╭─ Supplied records

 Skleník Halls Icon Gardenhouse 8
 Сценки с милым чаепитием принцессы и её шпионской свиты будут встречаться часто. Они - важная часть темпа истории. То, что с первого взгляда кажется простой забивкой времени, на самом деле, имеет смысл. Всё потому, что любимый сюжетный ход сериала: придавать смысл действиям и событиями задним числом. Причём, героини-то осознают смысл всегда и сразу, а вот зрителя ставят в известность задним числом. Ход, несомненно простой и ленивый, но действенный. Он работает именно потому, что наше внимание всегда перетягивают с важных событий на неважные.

╰─
╭─ Supplied records

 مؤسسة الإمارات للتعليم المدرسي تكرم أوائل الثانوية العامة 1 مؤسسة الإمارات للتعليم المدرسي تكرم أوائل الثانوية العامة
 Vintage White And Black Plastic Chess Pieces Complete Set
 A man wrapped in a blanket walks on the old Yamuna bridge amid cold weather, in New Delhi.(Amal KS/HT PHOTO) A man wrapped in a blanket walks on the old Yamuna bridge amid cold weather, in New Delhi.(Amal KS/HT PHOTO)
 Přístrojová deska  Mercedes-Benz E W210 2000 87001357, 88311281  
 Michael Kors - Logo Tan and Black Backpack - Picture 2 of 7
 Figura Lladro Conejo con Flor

╰─

The task: Copy the lines above exactly, beginning at the line that has "Michael Kors - Logo" and stopping after the line that has "Figura Lladro Conejo con Flor", and omit the rest.

Exercise result:
 Michael Kors - Logo Tan and Black Backpack - Picture 2 of 7
 Figura Lladro Conejo con Flor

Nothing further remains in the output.